INSTRUCTIONS FOR THE TASK:
Retype the lines of the listing below exactly, but only those from the one containing "Stylish bedroom featuring" through the last line; pictures stay out.

MATERIAL PROVIDED:
= Beginning of Section =

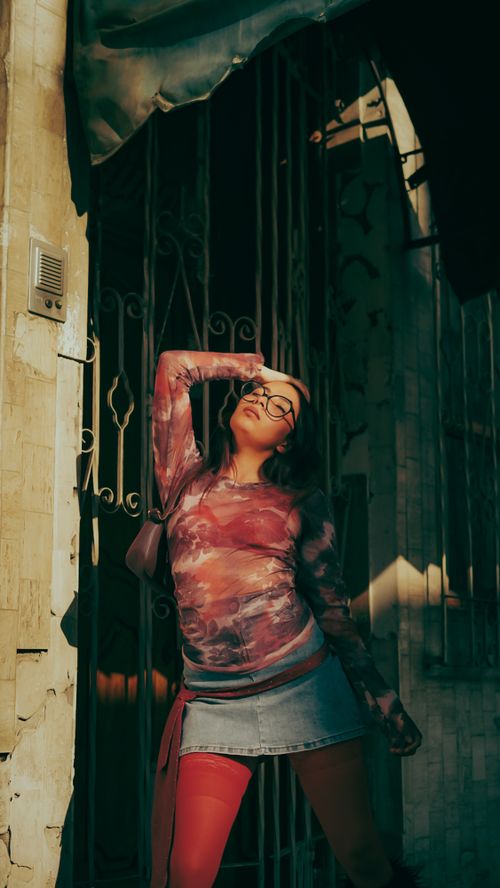 Free Young woman in stylish attire poses in sunlight with rustic gate backdrop, embodying urban fashion with artistic flair. Stock Photo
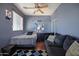 Stylish bedroom featuring a bed, dark dresser, couch, and hardwood floors at 910 W Aspen Way, Gilbert, AZ 85233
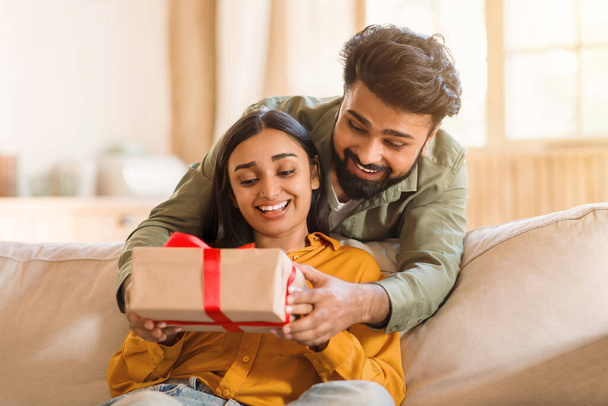 Entzücktes junges indisches Paar drinnen, Frau mit Geschenk in rotes Band gehüllt, teilen Eheleute herzerwärmenden Moment und betonen die Freude am Geben und Empfangen von Überraschungen - Foto, Bild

= End of Section =

RESPONSE AREA:
 Stylish bedroom featuring a bed, dark dresser, couch, and hardwood floors at 910 W Aspen Way, Gilbert, AZ 85233
 Entzücktes junges indisches Paar drinnen, Frau mit Geschenk in rotes Band gehüllt, teilen Eheleute herzerwärmenden Moment und betonen die Freude am Geben und Empfangen von Überraschungen - Foto, Bild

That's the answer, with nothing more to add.